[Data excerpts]
^^^^^^^^
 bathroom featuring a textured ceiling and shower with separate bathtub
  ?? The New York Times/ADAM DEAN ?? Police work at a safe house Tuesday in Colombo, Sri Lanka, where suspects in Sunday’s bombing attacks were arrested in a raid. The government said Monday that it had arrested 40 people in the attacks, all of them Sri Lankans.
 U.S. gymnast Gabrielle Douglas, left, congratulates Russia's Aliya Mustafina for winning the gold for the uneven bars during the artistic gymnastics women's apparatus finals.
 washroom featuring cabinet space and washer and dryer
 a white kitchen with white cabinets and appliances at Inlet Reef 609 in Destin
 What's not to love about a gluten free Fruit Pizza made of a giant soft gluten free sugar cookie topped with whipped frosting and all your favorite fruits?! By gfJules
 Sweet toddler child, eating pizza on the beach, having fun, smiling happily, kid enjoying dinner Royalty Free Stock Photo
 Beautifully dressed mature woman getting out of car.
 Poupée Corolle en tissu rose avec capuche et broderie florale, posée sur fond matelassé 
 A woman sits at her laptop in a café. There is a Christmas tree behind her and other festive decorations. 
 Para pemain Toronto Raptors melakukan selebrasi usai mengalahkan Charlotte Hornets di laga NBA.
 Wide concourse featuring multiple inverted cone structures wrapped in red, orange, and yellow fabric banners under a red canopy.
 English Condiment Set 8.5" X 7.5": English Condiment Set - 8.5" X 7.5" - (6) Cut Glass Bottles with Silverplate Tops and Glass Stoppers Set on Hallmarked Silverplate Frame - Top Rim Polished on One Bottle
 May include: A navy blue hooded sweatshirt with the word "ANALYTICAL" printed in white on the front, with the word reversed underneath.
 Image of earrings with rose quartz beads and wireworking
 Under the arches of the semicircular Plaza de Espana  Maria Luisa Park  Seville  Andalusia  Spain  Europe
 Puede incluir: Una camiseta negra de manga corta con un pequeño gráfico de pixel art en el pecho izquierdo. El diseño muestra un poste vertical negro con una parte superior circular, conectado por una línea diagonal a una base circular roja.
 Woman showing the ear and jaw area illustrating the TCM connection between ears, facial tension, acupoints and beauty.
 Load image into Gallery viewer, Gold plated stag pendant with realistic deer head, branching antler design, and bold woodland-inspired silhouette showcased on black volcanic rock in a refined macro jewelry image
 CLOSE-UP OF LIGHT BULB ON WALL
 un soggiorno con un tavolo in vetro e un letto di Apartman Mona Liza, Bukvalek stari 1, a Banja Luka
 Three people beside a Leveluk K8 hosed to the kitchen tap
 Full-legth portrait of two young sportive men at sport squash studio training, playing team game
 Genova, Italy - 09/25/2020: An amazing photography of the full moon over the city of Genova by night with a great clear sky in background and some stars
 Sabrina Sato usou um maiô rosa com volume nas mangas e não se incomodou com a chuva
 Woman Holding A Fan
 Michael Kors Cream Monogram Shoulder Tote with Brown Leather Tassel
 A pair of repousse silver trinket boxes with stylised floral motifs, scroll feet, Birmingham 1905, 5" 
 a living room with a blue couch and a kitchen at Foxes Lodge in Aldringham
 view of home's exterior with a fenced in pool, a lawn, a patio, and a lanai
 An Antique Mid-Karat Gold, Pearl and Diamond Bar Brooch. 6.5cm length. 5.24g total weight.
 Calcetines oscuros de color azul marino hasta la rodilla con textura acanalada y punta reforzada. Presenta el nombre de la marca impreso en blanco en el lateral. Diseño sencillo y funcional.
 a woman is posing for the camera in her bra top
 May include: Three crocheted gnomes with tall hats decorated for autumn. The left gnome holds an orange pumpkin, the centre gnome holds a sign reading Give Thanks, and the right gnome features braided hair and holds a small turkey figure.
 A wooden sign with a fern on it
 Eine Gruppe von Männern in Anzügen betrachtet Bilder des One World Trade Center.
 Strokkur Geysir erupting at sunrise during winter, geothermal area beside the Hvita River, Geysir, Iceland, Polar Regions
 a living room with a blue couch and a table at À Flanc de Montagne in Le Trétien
^^^^^^^^
Work task – Among the lines above, tally those containing the string "featuring" and give only the result.

Exercise result – 3